From: Martijn Roelofsz on 13 Jul 2010 02:56 "Steve Amphlett" <Firstname.Lastname(a)Where-I-Work.com> wrote in message <i1h1tq$oid$1(a)fred.mathworks.com>... > "Martijn Roelofsz" <martijn.roelofsz(a)nlr.nl> wrote in message <i1f2ok$1cv$1(a)fred.mathworks.com>... > > I am trying to plot an fft of a known sinusoid signal. > > The input signal is a 20mVtt, 200Hz sinus. Duration is 0.2sec. 500kHz samplerate. > > When i calculate the fft I expect a spike at 200Hz with a magnitude of 10(in this case mV). > > > > y = fft(X); > > m = abs(y); > > plot(m); > > > > The fft shows a amplitude of 4.6922 at 200Hz. Why is it not 10(or very close to 10) and how can I scale it back to mV again? > > Putting leakage to one side, you are mainly not using the number of points to scale your transform. > > N=length(X); > m=abs(y)*2/N; > > (Note that the DC and Nyquist frequencies should only be scaled by 1/N, but that detail isn't hugely important here.) With this code: Fs = 5e5; tmax = 0.2; dt = 1/Fs; % 2e-6 % t = 0:dt:T-dt; % t = dt*(0:N-1); T = tmax+dt; % 0.200002 N = T/dt; % 100001 y = fft(X); %/N; % will give the correct spectrum scale m = abs(y); m=abs(y)*2/N; plot(m); The outcome is 9.3843, if i devide "fft(X)" with N (y = fft(X)/N;) i get the same but than times e-5. The outcome 9.3843 looks reasonable to me. Can the missing 0.68mV be the leakage?
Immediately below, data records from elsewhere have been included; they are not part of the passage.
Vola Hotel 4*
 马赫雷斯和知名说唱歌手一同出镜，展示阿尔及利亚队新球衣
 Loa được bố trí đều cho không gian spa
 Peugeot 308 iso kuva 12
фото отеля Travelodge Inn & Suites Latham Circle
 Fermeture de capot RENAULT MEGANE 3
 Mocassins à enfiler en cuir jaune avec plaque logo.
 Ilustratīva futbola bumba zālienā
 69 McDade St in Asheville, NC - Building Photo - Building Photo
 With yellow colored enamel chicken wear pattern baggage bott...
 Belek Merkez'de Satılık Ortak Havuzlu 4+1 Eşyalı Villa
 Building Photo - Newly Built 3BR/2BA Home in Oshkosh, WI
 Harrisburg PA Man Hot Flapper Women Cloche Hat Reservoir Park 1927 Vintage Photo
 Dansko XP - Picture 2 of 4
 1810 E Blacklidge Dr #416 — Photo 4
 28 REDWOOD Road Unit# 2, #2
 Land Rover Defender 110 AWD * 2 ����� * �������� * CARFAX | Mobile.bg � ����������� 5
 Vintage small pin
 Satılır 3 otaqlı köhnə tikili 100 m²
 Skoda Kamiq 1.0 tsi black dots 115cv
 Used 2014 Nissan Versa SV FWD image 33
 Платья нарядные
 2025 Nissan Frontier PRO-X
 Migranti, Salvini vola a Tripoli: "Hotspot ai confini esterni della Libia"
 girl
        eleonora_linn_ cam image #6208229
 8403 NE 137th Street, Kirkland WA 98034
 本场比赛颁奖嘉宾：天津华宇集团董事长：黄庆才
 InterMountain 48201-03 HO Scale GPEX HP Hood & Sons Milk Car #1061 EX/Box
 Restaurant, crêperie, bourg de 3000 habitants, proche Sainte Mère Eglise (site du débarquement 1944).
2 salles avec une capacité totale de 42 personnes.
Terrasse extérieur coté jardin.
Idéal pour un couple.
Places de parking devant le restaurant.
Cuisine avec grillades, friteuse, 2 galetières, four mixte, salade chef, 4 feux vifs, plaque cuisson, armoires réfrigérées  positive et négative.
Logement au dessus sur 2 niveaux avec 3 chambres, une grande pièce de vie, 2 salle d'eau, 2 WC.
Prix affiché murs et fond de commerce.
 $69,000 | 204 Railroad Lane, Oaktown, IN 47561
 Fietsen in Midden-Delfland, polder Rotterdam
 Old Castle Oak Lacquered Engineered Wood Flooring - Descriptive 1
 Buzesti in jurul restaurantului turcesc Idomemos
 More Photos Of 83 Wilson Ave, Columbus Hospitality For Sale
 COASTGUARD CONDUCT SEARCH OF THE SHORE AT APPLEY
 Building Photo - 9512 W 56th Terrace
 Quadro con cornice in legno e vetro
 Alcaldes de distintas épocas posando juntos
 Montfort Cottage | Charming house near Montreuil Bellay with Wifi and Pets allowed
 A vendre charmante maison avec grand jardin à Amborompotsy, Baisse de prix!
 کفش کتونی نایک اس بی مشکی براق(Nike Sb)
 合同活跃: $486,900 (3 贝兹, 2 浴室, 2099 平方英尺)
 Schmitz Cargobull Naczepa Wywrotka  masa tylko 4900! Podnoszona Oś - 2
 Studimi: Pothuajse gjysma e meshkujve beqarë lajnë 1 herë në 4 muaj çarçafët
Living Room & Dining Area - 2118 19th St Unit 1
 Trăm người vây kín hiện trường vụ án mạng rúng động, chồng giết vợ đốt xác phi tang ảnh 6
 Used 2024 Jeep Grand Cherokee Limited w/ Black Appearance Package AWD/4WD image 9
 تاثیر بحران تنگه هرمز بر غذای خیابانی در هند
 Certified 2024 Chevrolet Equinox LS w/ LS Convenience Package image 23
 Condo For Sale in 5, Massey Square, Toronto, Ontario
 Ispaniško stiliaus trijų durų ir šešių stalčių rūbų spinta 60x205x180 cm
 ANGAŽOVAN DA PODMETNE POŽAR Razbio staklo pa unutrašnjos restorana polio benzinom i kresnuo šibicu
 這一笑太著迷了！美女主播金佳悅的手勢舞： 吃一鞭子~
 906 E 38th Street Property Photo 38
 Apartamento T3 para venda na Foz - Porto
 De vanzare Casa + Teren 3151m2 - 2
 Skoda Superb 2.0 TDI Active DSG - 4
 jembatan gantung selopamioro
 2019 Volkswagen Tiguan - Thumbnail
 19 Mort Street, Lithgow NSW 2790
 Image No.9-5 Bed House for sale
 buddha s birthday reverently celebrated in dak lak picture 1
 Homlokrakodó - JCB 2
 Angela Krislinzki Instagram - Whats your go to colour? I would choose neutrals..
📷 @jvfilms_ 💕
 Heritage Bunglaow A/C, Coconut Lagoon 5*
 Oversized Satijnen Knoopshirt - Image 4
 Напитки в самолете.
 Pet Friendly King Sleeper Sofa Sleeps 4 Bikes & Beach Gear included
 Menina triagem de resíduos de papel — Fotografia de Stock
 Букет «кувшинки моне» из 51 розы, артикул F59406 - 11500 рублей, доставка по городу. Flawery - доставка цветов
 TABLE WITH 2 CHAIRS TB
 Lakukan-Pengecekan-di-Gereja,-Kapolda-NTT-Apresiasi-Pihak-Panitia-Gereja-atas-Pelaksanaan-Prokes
From: Wayne King on 13 Jul 2010 02:59 "Martijn Roelofsz" <martijn.roelofsz(a)nlr.nl> wrote in message <i1h0tt$oal$1(a)fred.mathworks.com>... > Greg Heath <heath(a)alumni.brown.edu> wrote in message <0f2e8b34-9dc2-44b9-9e16-dcc474e036af(a)i1g2000vbk.googlegroups.com>... > > On Jul 12, 8:45 am, "Martijn Roelofsz" <martijn.roelo...(a)nlr.nl> > > wrote: > > > I am trying to plot an fft of a known sinusoid signal. > > > The input signal is a 20mVtt, > > > > What does "tt" mean? > > > > >200Hz sinus. Duration is 0.2sec. 500kHz samplerate. > > > > Fs = 5e5 > > tmax = 0.2 > > dt = 1/Fs % 2e-6 > > > > % t = 0:dt:T-dt; > > % t = dt*(0:N-1); > > > > T = tmax+dt % 0.200002 > > N = T/dt % 100001 > > > > > When i calculate the fft I expect a spike at 200Hz with a magnitude of 10(in this case mV). > > > > > > y = fft(X); > > > > y = fft(X)/N; % will give the correct spectrum scale > > > > > m = abs(y); > > > plot(m); > > > > > > The fft shows a amplitude of 4.6922 at 200Hz. Why is it not 10(or very close to 10) and how can I scale it back to mV again? > > > > > > It's not clear how you obtained that number. > > > > Hope this helps. > > > > Greg > > Greg > > tt is the top to top voltage. In this case 20mV. Hi Martijn, Assuming that your signal values are in mV and that your single real-valued sinusoid oscillates between -10 and 10 mV, you would expect two complex exponentials in the Fourier transform--each complex exponential will have amplitude 10/2=5. This can be shown as follows: Fs = 5e5 ; t = 0:(1/Fs):0.2-(1/Fs); x = 10*cos(2*pi*200*t); xDFT = fftshift(fft(x)); plot(abs(xDFT)/length(x)) freq = -Fs/2+(Fs/length(x)):Fs/length(x):Fs/2; plot(freq,abs(xDFT)/length(x)) axis([-250 250 0 5]) If you are only interested in representing the positive part of the spectrum: xDFT = fft(x); xDFT = xDFT(1:length(x)/2+1); xDFT(2:end)=2*xDFT(2:end); freq = 0:(Fs/length(x)):Fs/2; plot(freq,abs(xDFT)/length(x)); axis([0 250 0 10]); Hope that helps, Wayne
From: Greg Heath on 13 Jul 2010 09:09 On Jul 13, 2:48 am, "Martijn Roelofsz" <martijn.roelo...(a)nlr.nl> wrote: > Greg, thanks for your reply. When I use your code I still get 4.6922 at 200Hz. I get read that number from the plot after zooming in on the 200Hz spike. > > It is just hard for me to understand that a 200Hz, 20mV top to top sine does not have a 10mv(or close to) outcome as fft. 10*sin(z) = 5*exp(j*z)+5*exp(-j*z) If you had an integral number of periods you would get 5 instead of 4.6922. Lothar: This is the result of "leakage" The other 4.6922 is at frequency -200Hz+Fs. Hope that helps. Greg Greg
From: Wayne King on 13 Jul 2010 09:32
Greg Heath <heath(a)alumni.brown.edu> wrote in message <6db36221-b4c2-4eb8-966d-3935c3a3953f(a)g19g2000yqc.googlegroups.com>... > On Jul 13, 2:48 am, "Martijn Roelofsz" <martijn.roelo...(a)nlr.nl> > wrote: > > Greg, thanks for your reply. When I use your code I still get 4.6922 at 200Hz. I get read that number from the plot after zooming in on the 200Hz spike. > > > > It is just hard for me to understand that a 200Hz, 20mV top to top sine does not have a 10mv(or close to) outcome as fft. > > 10*sin(z) = 5*exp(j*z)+5*exp(-j*z) > > If you had an integral number of periods you > would get 5 instead of 4.6922. > > Lothar: This is the result of "leakage" > > The other 4.6922 is at frequency -200Hz+Fs. > > Hope that helps. > > Greg > > Greg Hi Greg, just a minor typo, I think you meant: 10*cos(z) = 5*exp(j*z)+5*exp(-j*z) Wayne |